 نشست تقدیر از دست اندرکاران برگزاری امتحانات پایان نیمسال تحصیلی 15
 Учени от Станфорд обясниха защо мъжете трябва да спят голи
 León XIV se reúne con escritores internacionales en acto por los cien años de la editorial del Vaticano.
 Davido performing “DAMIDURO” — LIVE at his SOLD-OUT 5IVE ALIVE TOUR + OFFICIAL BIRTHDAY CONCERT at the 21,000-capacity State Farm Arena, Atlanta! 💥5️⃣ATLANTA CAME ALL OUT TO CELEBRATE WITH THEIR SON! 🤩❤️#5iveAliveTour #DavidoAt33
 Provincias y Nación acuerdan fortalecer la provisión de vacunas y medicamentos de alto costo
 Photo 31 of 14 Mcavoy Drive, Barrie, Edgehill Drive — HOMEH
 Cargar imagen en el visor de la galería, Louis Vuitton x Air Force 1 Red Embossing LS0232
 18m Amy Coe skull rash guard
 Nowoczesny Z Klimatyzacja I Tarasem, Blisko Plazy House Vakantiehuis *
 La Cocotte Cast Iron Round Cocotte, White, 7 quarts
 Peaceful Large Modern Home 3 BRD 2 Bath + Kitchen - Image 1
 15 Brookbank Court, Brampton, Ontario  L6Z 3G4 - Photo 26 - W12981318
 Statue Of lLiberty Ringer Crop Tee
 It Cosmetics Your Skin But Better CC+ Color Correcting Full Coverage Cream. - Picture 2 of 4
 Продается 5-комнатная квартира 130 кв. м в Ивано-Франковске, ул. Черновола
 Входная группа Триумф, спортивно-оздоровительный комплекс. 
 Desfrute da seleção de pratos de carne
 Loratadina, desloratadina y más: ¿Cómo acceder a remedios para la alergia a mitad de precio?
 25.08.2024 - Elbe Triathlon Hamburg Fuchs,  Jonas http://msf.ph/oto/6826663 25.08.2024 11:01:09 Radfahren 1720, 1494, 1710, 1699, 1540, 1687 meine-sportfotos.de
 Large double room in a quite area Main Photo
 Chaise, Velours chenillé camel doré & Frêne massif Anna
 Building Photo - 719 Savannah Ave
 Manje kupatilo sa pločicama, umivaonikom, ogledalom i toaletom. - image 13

——

**Problem details:** Above are the records; from them, give again exactly the lines from the one containing "18m Amy Coe skull rash guard" to the one containing "Loratadina, desloratadina y", both lines included, and nothing more.

**Written answer:**
 18m Amy Coe skull rash guard
 Nowoczesny Z Klimatyzacja I Tarasem, Blisko Plazy House Vakantiehuis *
 La Cocotte Cast Iron Round Cocotte, White, 7 quarts
 Peaceful Large Modern Home 3 BRD 2 Bath + Kitchen - Image 1
 15 Brookbank Court, Brampton, Ontario  L6Z 3G4 - Photo 26 - W12981318
 Statue Of lLiberty Ringer Crop Tee
 It Cosmetics Your Skin But Better CC+ Color Correcting Full Coverage Cream. - Picture 2 of 4
 Продается 5-комнатная квартира 130 кв. м в Ивано-Франковске, ул. Черновола
 Входная группа Триумф, спортивно-оздоровительный комплекс. 
 Desfrute da seleção de pratos de carne
 Loratadina, desloratadina y más: ¿Cómo acceder a remedios para la alergia a mitad de precio?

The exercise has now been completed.